Extracted data Start Marker

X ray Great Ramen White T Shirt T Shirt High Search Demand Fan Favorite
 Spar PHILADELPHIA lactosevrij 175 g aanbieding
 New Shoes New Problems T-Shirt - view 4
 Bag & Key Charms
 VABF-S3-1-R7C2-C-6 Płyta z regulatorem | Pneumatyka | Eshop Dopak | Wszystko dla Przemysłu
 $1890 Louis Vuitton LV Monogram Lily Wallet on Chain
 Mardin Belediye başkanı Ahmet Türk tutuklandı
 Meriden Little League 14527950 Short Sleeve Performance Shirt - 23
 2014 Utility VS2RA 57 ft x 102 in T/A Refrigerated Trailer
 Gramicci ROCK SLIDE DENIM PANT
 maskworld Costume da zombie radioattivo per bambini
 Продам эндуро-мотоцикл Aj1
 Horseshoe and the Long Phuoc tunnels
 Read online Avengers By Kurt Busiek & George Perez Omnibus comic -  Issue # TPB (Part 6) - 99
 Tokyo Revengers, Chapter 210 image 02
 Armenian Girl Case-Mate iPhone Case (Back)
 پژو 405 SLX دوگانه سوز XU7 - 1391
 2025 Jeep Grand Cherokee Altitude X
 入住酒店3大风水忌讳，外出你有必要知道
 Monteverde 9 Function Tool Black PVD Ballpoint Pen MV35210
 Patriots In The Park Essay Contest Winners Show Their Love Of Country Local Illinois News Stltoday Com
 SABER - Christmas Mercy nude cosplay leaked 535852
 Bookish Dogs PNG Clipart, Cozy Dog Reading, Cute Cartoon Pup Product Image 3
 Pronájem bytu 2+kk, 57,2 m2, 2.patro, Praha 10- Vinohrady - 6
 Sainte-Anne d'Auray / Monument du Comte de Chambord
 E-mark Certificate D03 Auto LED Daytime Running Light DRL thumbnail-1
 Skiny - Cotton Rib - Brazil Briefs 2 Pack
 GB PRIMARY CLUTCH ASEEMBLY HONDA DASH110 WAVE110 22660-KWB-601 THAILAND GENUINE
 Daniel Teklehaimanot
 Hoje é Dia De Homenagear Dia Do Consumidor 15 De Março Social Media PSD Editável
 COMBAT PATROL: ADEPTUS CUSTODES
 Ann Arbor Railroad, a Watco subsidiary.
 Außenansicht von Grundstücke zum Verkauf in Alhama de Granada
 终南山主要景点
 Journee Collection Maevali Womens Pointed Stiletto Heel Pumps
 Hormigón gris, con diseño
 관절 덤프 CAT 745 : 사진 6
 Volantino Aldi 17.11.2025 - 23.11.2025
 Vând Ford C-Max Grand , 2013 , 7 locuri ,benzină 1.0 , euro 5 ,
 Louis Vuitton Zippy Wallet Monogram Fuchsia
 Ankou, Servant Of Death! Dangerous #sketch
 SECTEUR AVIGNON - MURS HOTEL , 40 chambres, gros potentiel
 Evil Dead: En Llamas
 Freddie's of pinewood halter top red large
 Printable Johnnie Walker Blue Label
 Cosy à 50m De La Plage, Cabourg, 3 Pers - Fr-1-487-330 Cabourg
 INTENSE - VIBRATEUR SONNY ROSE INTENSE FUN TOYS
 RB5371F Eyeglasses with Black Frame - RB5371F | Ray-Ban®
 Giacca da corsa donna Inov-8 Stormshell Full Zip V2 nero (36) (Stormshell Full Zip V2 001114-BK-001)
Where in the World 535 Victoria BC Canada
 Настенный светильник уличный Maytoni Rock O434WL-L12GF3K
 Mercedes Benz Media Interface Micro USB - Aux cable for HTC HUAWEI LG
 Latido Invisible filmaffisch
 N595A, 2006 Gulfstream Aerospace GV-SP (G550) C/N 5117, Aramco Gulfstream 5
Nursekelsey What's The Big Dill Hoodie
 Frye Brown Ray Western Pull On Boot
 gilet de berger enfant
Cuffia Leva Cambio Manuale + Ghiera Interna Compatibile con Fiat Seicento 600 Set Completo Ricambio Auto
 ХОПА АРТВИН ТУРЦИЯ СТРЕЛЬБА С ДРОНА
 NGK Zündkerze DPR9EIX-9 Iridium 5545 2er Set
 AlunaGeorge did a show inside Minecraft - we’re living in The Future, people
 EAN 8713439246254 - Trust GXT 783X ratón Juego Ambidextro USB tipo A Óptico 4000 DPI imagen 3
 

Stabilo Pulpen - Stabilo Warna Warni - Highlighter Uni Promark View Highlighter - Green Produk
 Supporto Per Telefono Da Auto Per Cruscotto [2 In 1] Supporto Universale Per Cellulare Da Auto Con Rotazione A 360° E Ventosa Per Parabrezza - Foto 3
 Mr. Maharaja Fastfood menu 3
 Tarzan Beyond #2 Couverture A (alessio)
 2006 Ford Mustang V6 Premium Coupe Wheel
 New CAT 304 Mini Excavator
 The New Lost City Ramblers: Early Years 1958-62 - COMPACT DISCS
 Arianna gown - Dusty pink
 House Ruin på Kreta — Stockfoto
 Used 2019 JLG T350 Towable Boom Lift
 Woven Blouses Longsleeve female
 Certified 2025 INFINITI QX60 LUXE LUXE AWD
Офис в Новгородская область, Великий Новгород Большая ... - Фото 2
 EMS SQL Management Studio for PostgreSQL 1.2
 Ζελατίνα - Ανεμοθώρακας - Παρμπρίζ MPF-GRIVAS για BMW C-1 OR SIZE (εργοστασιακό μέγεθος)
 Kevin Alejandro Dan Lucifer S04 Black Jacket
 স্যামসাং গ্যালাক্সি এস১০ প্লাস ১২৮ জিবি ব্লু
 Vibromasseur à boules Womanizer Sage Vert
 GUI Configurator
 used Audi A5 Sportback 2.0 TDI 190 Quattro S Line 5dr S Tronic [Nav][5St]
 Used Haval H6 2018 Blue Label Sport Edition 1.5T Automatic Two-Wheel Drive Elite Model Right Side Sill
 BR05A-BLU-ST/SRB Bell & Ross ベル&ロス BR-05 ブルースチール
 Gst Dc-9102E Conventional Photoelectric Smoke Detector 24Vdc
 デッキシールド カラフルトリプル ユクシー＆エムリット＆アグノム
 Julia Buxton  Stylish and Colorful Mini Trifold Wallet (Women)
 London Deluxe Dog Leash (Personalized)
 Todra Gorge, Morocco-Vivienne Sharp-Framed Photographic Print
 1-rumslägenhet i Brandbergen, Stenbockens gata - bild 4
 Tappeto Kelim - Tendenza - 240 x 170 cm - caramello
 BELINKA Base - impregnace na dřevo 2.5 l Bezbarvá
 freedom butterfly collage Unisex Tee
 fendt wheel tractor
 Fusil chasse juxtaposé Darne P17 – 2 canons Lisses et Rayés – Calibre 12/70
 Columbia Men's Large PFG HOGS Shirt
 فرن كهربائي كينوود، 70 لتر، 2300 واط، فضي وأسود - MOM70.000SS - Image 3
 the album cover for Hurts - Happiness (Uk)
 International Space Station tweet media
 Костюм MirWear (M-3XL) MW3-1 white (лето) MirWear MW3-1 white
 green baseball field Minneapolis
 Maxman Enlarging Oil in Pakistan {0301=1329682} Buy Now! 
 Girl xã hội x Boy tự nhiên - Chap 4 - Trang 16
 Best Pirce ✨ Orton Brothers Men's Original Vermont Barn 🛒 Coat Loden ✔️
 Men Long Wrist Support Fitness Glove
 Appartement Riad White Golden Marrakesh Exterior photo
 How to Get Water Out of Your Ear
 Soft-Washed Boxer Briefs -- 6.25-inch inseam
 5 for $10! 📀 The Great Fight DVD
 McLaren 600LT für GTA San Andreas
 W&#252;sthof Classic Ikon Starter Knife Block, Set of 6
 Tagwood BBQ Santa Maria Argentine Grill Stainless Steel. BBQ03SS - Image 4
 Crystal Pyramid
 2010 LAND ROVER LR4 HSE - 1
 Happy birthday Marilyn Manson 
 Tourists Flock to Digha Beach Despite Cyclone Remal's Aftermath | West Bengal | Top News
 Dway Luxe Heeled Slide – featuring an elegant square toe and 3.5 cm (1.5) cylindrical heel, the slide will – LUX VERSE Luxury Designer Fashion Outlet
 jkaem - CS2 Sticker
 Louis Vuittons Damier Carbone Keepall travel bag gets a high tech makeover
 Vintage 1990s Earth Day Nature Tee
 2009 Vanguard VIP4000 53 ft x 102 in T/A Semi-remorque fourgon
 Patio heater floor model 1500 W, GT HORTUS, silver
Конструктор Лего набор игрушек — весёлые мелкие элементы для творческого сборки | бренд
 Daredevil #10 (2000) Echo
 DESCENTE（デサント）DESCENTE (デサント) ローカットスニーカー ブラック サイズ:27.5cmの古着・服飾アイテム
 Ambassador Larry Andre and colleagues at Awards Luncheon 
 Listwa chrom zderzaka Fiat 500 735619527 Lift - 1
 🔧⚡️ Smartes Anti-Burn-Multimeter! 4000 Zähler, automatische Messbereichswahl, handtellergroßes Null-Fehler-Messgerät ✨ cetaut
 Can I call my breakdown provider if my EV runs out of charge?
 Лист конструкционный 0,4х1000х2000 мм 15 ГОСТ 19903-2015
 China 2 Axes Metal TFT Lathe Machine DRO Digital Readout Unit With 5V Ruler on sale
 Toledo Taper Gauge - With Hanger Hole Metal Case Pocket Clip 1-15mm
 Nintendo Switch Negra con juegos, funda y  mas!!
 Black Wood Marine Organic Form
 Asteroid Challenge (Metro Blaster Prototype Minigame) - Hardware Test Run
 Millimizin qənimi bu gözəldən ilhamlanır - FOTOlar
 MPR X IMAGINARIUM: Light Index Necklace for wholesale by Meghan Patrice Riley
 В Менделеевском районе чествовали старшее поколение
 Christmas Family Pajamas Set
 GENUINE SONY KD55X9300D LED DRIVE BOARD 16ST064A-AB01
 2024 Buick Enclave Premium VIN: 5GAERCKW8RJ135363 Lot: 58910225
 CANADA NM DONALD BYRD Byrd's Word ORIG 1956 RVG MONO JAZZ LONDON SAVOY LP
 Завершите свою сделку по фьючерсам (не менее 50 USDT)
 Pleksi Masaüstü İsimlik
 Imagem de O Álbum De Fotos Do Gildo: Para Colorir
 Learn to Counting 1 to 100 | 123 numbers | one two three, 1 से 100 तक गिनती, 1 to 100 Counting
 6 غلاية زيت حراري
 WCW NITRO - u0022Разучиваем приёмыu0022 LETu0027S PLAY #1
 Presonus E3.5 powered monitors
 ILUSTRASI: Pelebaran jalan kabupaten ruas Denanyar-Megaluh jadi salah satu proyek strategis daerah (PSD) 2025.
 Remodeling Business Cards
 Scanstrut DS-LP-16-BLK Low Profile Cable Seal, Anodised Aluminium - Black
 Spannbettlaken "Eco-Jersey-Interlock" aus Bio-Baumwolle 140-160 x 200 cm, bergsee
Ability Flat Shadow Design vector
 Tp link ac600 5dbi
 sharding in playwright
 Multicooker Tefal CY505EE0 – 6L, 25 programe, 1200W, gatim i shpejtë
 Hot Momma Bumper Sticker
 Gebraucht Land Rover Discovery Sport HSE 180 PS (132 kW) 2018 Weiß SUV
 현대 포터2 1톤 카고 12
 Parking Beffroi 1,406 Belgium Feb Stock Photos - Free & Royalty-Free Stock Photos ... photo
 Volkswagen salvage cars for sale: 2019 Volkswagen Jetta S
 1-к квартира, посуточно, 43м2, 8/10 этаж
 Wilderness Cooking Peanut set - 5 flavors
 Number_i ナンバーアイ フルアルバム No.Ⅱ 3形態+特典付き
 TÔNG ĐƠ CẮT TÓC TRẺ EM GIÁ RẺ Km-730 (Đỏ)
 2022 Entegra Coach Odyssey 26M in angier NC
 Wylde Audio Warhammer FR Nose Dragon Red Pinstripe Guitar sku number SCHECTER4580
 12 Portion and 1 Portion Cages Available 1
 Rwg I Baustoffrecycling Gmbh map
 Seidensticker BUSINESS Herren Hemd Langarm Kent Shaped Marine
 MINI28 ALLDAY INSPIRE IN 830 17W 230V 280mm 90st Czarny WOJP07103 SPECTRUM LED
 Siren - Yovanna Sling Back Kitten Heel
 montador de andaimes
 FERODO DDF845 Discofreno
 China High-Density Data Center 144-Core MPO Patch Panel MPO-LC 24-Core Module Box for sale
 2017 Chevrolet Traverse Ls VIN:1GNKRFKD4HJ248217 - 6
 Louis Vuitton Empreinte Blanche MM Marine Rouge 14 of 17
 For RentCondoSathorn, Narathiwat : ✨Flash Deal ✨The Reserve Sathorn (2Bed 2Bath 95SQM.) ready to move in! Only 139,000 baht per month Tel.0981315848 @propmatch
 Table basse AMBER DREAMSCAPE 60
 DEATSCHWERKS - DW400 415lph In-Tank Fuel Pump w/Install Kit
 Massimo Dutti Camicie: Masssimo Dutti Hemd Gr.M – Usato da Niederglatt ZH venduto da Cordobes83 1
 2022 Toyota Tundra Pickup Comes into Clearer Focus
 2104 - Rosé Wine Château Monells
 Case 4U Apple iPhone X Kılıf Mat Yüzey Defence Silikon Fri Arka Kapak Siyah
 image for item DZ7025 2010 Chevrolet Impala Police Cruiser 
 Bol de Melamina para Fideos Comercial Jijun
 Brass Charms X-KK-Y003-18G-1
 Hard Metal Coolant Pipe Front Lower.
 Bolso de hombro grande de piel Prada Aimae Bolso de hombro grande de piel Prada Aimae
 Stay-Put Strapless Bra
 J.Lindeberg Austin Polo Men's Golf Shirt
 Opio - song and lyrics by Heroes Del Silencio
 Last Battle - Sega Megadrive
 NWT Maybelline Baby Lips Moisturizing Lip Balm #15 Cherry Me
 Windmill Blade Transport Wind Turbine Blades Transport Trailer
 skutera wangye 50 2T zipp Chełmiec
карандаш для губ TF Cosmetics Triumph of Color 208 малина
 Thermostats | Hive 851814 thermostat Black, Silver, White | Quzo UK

Extracted data End Marker

What to work on
From the material above, set down exactly the lines between the line holding "fendt wheel tractor" and the line holding "Listwa chrom zderzaka", inclusive. Include nothing else.

Task solution
 fendt wheel tractor
 Fusil chasse juxtaposé Darne P17 – 2 canons Lisses et Rayés – Calibre 12/70
 Columbia Men's Large PFG HOGS Shirt
 فرن كهربائي كينوود، 70 لتر، 2300 واط، فضي وأسود - MOM70.000SS - Image 3
 the album cover for Hurts - Happiness (Uk)
 International Space Station tweet media
 Костюм MirWear (M-3XL) MW3-1 white (лето) MirWear MW3-1 white
 green baseball field Minneapolis
 Maxman Enlarging Oil in Pakistan {0301=1329682} Buy Now! 
 Girl xã hội x Boy tự nhiên - Chap 4 - Trang 16
 Best Pirce ✨ Orton Brothers Men's Original Vermont Barn 🛒 Coat Loden ✔️
 Men Long Wrist Support Fitness Glove
 Appartement Riad White Golden Marrakesh Exterior photo
 How to Get Water Out of Your Ear
 Soft-Washed Boxer Briefs -- 6.25-inch inseam
 5 for $10! 📀 The Great Fight DVD
 McLaren 600LT für GTA San Andreas
 W&#252;sthof Classic Ikon Starter Knife Block, Set of 6
 Tagwood BBQ Santa Maria Argentine Grill Stainless Steel. BBQ03SS - Image 4
 Crystal Pyramid
 2010 LAND ROVER LR4 HSE - 1
 Happy birthday Marilyn Manson 
 Tourists Flock to Digha Beach Despite Cyclone Remal's Aftermath | West Bengal | Top News
 Dway Luxe Heeled Slide – featuring an elegant square toe and 3.5 cm (1.5) cylindrical heel, the slide will – LUX VERSE Luxury Designer Fashion Outlet
 jkaem - CS2 Sticker
 Louis Vuittons Damier Carbone Keepall travel bag gets a high tech makeover
 Vintage 1990s Earth Day Nature Tee
 2009 Vanguard VIP4000 53 ft x 102 in T/A Semi-remorque fourgon
 Patio heater floor model 1500 W, GT HORTUS, silver
Конструктор Лего набор игрушек — весёлые мелкие элементы для творческого сборки | бренд
 Daredevil #10 (2000) Echo
 DESCENTE（デサント）DESCENTE (デサント) ローカットスニーカー ブラック サイズ:27.5cmの古着・服飾アイテム
 Ambassador Larry Andre and colleagues at Awards Luncheon 
 Listwa chrom zderzaka Fiat 500 735619527 Lift - 1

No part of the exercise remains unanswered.